It is advantageous for the primary to be wound on the central post of a ferrite core which has an outer annular portion defining an annular space between the annular portion and the central post. The part of the rotatable member which carries the variable secondary winding can then be contained in this annular space and the shape of the ferrite core will keep the field of the primary winding away from the inactive turns. Even though the inactive portion of the flexible element may be wound on the rotatable member just beyond the end of the core, the inductive coupling between the primary and the inactive windings, and hence the non-linearity, is considerably reduced. This construction enables the overall length of the rotatable member to be reduced as compared with that required for an equivalent air transformer.

The linearity of the transformer can be still further improved in accordance with a further aspect of the invention.

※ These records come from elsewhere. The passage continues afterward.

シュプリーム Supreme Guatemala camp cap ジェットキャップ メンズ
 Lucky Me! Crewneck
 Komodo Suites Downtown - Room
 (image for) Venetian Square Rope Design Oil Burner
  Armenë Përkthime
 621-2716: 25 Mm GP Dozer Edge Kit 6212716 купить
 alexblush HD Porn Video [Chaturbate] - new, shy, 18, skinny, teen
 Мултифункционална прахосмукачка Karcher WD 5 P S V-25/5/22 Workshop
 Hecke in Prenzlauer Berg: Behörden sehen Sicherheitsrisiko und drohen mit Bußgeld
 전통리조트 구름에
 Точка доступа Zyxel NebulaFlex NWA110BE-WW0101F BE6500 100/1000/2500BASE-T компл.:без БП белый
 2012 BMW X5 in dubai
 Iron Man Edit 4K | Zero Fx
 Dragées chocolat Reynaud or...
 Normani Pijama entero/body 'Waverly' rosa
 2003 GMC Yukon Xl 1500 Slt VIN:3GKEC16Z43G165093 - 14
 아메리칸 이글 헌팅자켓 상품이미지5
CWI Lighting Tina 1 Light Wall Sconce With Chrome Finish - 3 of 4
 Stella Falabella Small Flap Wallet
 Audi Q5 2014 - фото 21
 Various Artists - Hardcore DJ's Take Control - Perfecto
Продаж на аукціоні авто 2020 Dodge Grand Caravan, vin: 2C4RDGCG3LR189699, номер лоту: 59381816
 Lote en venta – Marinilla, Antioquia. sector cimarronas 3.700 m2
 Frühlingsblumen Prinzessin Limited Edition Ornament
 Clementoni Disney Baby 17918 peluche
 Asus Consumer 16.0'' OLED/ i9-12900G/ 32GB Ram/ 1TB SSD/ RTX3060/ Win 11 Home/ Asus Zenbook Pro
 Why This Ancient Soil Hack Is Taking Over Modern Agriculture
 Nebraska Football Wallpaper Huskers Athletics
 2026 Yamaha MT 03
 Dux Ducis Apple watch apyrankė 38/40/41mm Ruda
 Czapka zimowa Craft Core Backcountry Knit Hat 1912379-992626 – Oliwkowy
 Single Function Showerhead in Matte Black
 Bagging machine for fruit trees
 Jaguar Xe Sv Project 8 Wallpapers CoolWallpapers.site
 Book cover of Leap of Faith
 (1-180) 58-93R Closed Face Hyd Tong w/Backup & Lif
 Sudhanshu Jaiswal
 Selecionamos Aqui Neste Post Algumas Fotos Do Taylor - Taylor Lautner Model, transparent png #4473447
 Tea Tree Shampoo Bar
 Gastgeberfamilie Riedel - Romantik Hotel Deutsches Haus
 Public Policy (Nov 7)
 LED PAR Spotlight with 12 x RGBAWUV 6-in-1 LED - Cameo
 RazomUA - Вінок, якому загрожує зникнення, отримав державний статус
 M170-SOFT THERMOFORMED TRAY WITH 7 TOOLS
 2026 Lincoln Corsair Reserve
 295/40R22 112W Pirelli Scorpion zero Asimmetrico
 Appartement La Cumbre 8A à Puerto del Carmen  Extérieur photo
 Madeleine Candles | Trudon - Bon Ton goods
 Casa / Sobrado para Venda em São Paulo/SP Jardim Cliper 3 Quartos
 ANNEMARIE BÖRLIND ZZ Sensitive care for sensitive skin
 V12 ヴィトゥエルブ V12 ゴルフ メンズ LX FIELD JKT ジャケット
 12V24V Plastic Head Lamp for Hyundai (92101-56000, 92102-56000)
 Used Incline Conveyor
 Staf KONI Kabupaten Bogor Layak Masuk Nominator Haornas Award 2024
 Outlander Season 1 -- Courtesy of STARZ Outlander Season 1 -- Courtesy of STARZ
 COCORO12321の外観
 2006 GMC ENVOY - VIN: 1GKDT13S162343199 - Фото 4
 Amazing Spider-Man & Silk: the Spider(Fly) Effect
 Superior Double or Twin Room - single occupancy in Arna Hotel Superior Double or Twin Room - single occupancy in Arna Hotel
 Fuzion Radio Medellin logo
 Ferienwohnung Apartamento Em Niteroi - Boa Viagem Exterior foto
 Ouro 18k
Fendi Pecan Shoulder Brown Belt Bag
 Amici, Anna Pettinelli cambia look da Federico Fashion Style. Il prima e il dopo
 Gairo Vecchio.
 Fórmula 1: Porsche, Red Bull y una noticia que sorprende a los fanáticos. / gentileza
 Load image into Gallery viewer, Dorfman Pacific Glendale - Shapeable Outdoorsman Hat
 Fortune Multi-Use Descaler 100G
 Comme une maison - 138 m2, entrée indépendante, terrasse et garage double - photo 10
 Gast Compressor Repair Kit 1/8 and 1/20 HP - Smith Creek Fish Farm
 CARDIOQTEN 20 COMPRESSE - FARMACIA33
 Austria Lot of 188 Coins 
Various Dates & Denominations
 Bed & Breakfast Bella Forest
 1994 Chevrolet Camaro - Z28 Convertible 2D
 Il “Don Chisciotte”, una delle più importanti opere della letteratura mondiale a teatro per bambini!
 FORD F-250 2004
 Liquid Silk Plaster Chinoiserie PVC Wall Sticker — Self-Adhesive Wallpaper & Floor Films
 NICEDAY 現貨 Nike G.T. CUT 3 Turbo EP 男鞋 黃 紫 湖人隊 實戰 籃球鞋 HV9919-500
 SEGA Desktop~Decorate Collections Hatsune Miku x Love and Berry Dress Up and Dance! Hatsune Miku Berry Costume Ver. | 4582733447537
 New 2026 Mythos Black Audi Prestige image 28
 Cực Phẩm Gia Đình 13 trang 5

From this latter aspect, the invention provides a transformer unit in which the transformer has two primary windings, and two secondary windings which are in series and are associated with respective primary windings, one secondary winding being constituted by one portion of a flexible conducting element which portion is wound on a part of a rotatable member in proximity to one of the primary windings, and the other secondary winding being constituted by another portion of the flexible conducting element, which other portion is wound, 'in the same sense as said one portion, on another part of the rotatable member in proximity to the other primary winding, whereby rotation of the rotatable member will wind more turns into one of the secondary windings while unwinding turns from the other one, the primary windings respectively being capable of inducing opposed voltages into the two secondary windings when suitably supplied with A.C. voltages.

In such a construction, any unintentional inductive coupling between one primary winding and that secondary winding associated with the other primary winding will be to some extent counterbalanced by a coupling in the opposite sense between the other primary winding and the other secondary winding, so that the non-linearity which tends to occur where inactive windings are present is substantially reduced.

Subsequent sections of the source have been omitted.